● **Work item**:
Keeping every line intact, repeat the data word for word.

● **Collected data entries**:
────────────────

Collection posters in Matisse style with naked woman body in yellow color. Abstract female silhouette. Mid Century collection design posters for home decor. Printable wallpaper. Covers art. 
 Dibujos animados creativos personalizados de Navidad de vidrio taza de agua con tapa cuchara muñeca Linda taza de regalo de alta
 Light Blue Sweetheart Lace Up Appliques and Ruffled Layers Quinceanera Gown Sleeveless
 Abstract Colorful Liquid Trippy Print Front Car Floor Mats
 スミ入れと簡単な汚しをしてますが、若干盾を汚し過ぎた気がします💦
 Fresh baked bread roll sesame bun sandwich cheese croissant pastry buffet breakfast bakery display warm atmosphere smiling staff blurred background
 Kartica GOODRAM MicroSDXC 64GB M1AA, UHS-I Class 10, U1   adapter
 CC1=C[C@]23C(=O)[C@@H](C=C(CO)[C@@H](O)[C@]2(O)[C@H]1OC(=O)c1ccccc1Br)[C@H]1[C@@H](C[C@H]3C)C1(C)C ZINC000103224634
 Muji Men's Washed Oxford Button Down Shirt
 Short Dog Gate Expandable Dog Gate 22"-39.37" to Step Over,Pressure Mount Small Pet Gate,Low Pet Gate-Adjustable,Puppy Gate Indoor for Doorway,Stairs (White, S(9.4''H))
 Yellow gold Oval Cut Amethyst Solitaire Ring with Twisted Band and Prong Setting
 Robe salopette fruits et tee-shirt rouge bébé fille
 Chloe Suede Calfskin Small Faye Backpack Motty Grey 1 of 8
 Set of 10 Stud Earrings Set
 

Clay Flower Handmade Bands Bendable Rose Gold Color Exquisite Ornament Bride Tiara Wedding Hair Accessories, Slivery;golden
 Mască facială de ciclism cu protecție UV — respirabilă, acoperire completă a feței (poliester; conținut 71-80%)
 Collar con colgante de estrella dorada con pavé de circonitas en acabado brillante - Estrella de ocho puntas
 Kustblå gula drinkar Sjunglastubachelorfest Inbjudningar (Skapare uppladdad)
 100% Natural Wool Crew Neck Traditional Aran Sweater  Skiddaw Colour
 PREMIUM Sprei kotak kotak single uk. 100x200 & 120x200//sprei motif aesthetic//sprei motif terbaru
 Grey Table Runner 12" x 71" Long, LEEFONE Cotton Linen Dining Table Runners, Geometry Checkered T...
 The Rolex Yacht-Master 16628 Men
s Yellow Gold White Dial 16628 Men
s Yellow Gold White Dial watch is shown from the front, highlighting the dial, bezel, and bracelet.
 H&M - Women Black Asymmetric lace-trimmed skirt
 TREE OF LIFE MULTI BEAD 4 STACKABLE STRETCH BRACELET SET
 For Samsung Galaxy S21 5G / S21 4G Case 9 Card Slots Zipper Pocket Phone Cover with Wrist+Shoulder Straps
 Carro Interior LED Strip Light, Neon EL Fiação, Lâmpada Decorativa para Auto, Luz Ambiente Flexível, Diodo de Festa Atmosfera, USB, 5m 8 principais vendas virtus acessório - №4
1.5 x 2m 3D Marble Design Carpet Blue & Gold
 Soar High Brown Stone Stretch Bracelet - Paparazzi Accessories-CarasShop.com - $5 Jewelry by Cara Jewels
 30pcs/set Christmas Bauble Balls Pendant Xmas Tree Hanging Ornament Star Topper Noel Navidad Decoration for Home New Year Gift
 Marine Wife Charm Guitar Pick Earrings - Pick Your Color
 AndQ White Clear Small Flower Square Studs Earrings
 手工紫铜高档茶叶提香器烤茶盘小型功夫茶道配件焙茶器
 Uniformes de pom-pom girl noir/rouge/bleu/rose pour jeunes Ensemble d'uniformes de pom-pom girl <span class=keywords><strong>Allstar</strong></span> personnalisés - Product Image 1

────────────────

● **Final answer**:
Collection posters in Matisse style with naked woman body in yellow color. Abstract female silhouette. Mid Century collection design posters for home decor. Printable wallpaper. Covers art. 
 Dibujos animados creativos personalizados de Navidad de vidrio taza de agua con tapa cuchara muñeca Linda taza de regalo de alta
 Light Blue Sweetheart Lace Up Appliques and Ruffled Layers Quinceanera Gown Sleeveless
 Abstract Colorful Liquid Trippy Print Front Car Floor Mats
 スミ入れと簡単な汚しをしてますが、若干盾を汚し過ぎた気がします💦
 Fresh baked bread roll sesame bun sandwich cheese croissant pastry buffet breakfast bakery display warm atmosphere smiling staff blurred background
 Kartica GOODRAM MicroSDXC 64GB M1AA, UHS-I Class 10, U1   adapter
 CC1=C[C@]23C(=O)[C@@H](C=C(CO)[C@@H](O)[C@]2(O)[C@H]1OC(=O)c1ccccc1Br)[C@H]1[C@@H](C[C@H]3C)C1(C)C ZINC000103224634
 Muji Men's Washed Oxford Button Down Shirt
 Short Dog Gate Expandable Dog Gate 22"-39.37" to Step Over,Pressure Mount Small Pet Gate,Low Pet Gate-Adjustable,Puppy Gate Indoor for Doorway,Stairs (White, S(9.4''H))
 Yellow gold Oval Cut Amethyst Solitaire Ring with Twisted Band and Prong Setting
 Robe salopette fruits et tee-shirt rouge bébé fille
 Chloe Suede Calfskin Small Faye Backpack Motty Grey 1 of 8
 Set of 10 Stud Earrings Set
 

Clay Flower Handmade Bands Bendable Rose Gold Color Exquisite Ornament Bride Tiara Wedding Hair Accessories, Slivery;golden
 Mască facială de ciclism cu protecție UV — respirabilă, acoperire completă a feței (poliester; conținut 71-80%)
 Collar con colgante de estrella dorada con pavé de circonitas en acabado brillante - Estrella de ocho puntas
 Kustblå gula drinkar Sjunglastubachelorfest Inbjudningar (Skapare uppladdad)
 100% Natural Wool Crew Neck Traditional Aran Sweater  Skiddaw Colour
 PREMIUM Sprei kotak kotak single uk. 100x200 & 120x200//sprei motif aesthetic//sprei motif terbaru
 Grey Table Runner 12" x 71" Long, LEEFONE Cotton Linen Dining Table Runners, Geometry Checkered T...
 The Rolex Yacht-Master 16628 Men
s Yellow Gold White Dial 16628 Men
s Yellow Gold White Dial watch is shown from the front, highlighting the dial, bezel, and bracelet.
 H&M - Women Black Asymmetric lace-trimmed skirt
 TREE OF LIFE MULTI BEAD 4 STACKABLE STRETCH BRACELET SET
 For Samsung Galaxy S21 5G / S21 4G Case 9 Card Slots Zipper Pocket Phone Cover with Wrist+Shoulder Straps
 Carro Interior LED Strip Light, Neon EL Fiação, Lâmpada Decorativa para Auto, Luz Ambiente Flexível, Diodo de Festa Atmosfera, USB, 5m 8 principais vendas virtus acessório - №4
1.5 x 2m 3D Marble Design Carpet Blue & Gold
 Soar High Brown Stone Stretch Bracelet - Paparazzi Accessories-CarasShop.com - $5 Jewelry by Cara Jewels
 30pcs/set Christmas Bauble Balls Pendant Xmas Tree Hanging Ornament Star Topper Noel Navidad Decoration for Home New Year Gift
 Marine Wife Charm Guitar Pick Earrings - Pick Your Color
 AndQ White Clear Small Flower Square Studs Earrings
 手工紫铜高档茶叶提香器烤茶盘小型功夫茶道配件焙茶器
 Uniformes de pom-pom girl noir/rouge/bleu/rose pour jeunes Ensemble d'uniformes de pom-pom girl <span class=keywords><strong>Allstar</strong></span> personnalisés - Product Image 1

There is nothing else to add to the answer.